Terra inferno (tome 1) - La Montagne qui rêve
de Cristiano Fighera et Francesco Biagini
Soleil 2007 /  12.90 €- 84.5  ffr. / 48 pages
ISBN : 978-2849469026
FORMAT : 23,4x32,3 cm

Retour au mythe

Le monde en 1924 a bien changé : un monstre venu d’une autre dimension, haut comme une montagne et à peu près aussi attachant, est apparu dans le centre de Londres, bouleversant l’équilibre mental et l’intégrité physique de l’humanité. Depuis, pas un mouvement ni même un battement de cils : la bête dort. Restent les interrogations. Comment ? Pourquoi ?… Autant de questions sans réponse pour un genre humain uniquement préoccupé de survie. Désormais, les hommes se partagent entre ceux qui sont demeurés normaux et ceux qui, ayant mutés, ont épousé le culte de la bête et autres sectes apocalyptiques un tantinet violentes. La décadence de la société se manifeste à tous les niveaux, et les connaissances les plus simples disparaissent lentement. Nadia et Seth sont deux humains normaux : attirés par les trésors que peut contenir l’intérieur du monstre, ils s’aventurent sur ses flancs, montagne de chair, rêvant du monde d’avant, celui des « attomobiles » et d’une vie normale. Mais sur les flancs de la créature vivent les mutants les plus dangereux, les plus transformés, qui n’ont plus guère de lien avec leur ancienne humanité… Et au-delà, enfouis dans un paquebot fiché dans la bête colossale, se cache peut être le secret de cette créature. La magie toutefois semble apparue, et c’est Sparr, un vieux magicien, un homme de l’ancien temps, dandy cruel et puissant, qui part en quête de ce trésor, croisant alors la route de Seth et Nadia. Quel secret mystérieux se cache dans les entrailles du monstre ?

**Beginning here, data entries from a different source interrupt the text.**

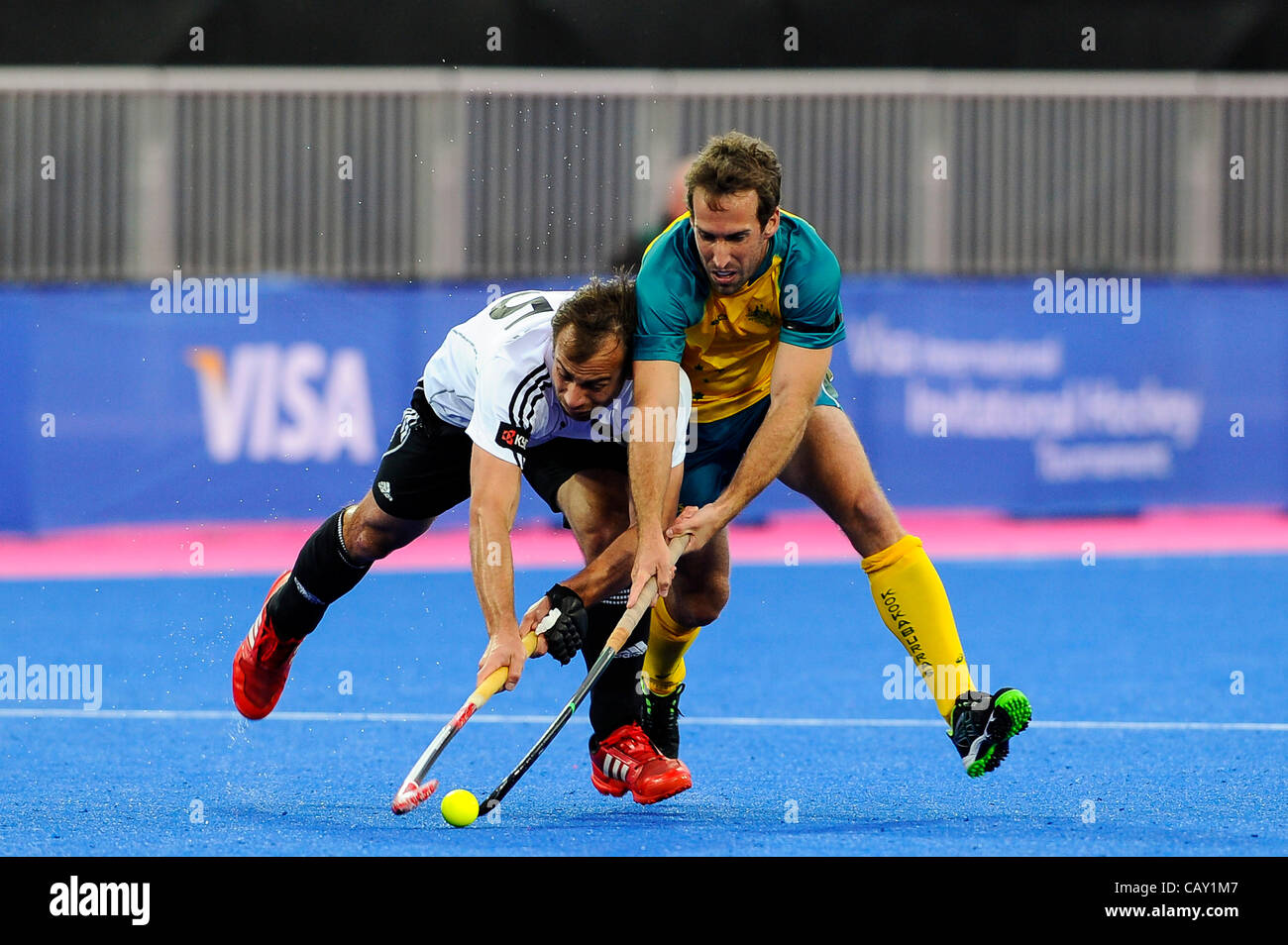 06.05.2012 London, England. Deutschland Defender #25 Philipp ZELLER (GER) und Australien Mittelfeldspieler #2 Liam de YOUNG (AUS) für den Ball zu konkurrieren, während die Männer Goldmedaille match zwischen Deutschland und Australien am Tag 5 der Visa International Invitational Hockey Turnier in der Riverbank Arena auf der O Stockfoto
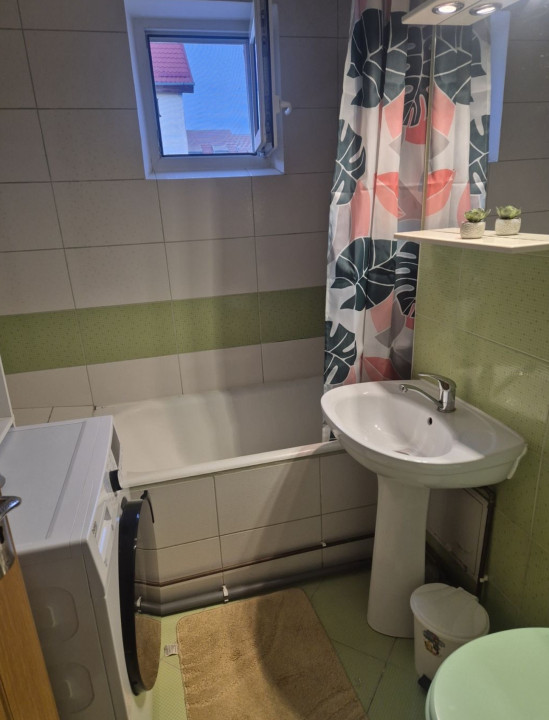 Apartament de inchiriat, 62mp utili, mobilat, utilat, zona Vasile Aaron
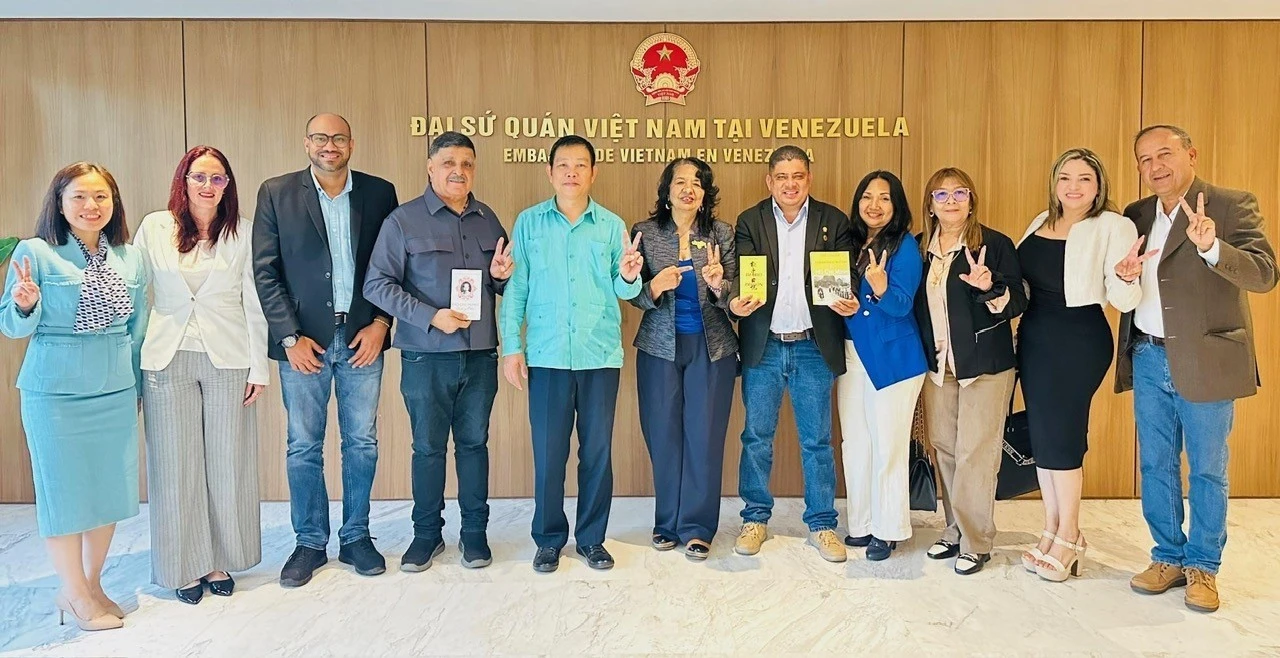 Nghị sĩ Venezuela chúc mừng Đại hội XIV, khẳng định tin tưởng vào thành tựu Việt Nam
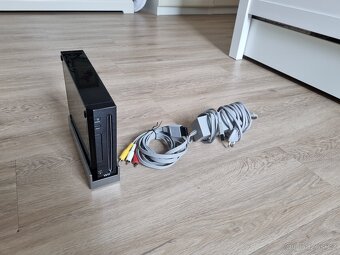 Konzole Nintendo Wii s kabely - 2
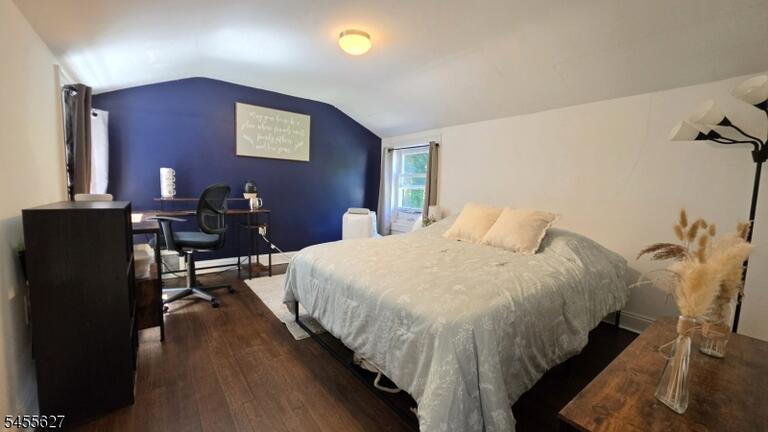 Property listing MLS 4048420 photo 38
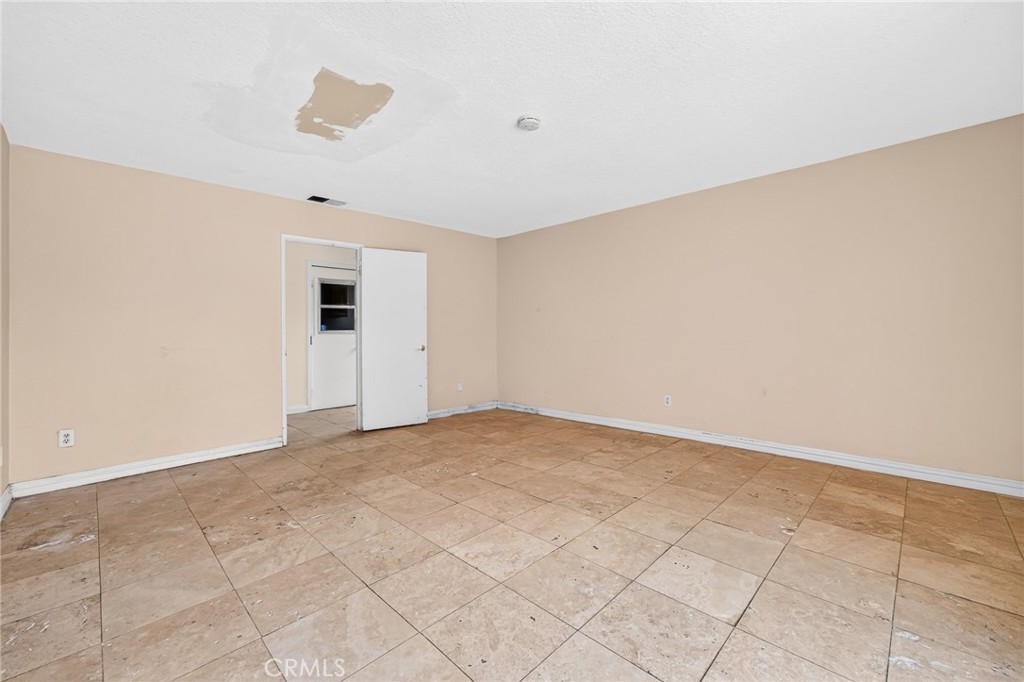 3947 Jose Court Property Photo 11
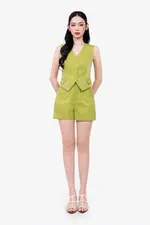 Quần đùi nữ màu xanh lá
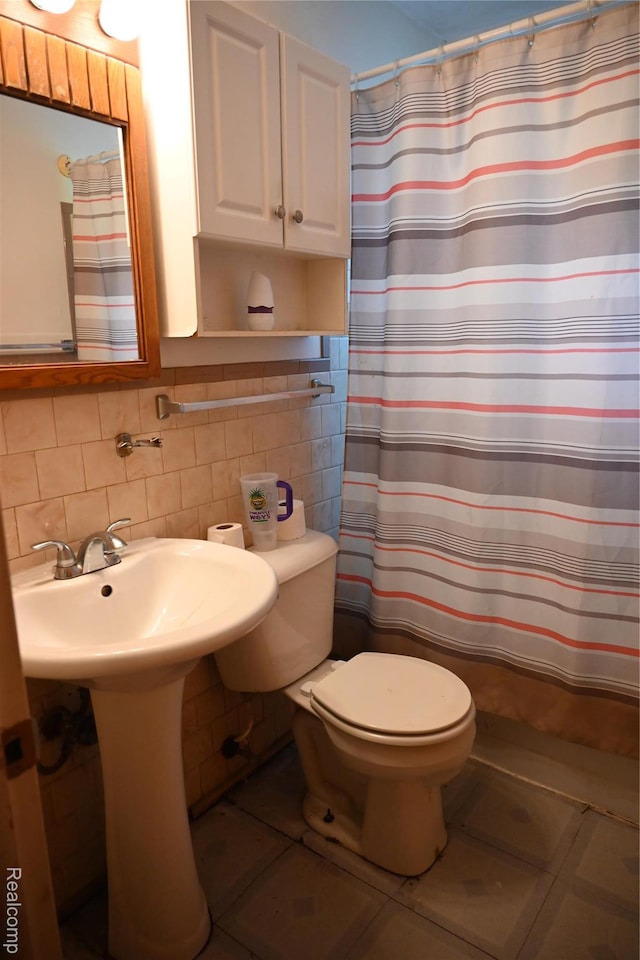 45225 Bemis Rd, Belleville, MI 48111 - bathroom with tile patterned flooring, tasteful backsplash, and a shower with curtain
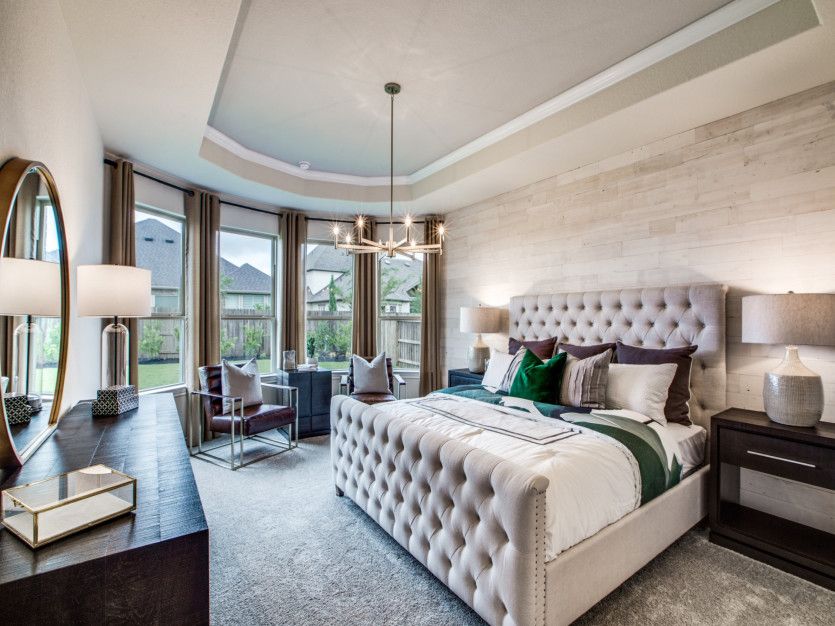 Owner's Suite with Bay Windows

On dirait du Lovecraft, mais un Lovecraft retravaillé avec une esthétique surréaliste qui oscille entre Dali, Giger et Jérôme Bosch dans des tons un peu douceâtres, un rose chair écoeurant. La bête immense, « cosmique », qui apparaît sans raison et provoque ruine et folie semble tout droit sortie des fantasmes du maître de Providence. Chaque monstre, chaque créature – tassement de chair, de dents, de cornes, de griffes sans grande cohérence – aurait sa place dans le mythe lovecraftien… On reconnaît vaguement un corps, des bras, des jambes, mais guère plus : Biagini a recréé sa propre ménagerie diabolique, haute en couleurs et franchement inhumaine. Du reste, la couverture même témoigne déjà d’une inspiration revendiquée. Si graphiquement, on s’étonnera parfois de quelques effets pas toujours heureux (dans les contrastes entre les tailles des humains), l’ensemble se lit comme un hommage réussi à un univers fantastique riche et parfois oublié. Une variation inattendue et prometteuse, dont on attend maintenant la suite, et l’apocalypse promise pour le réveil du dieu.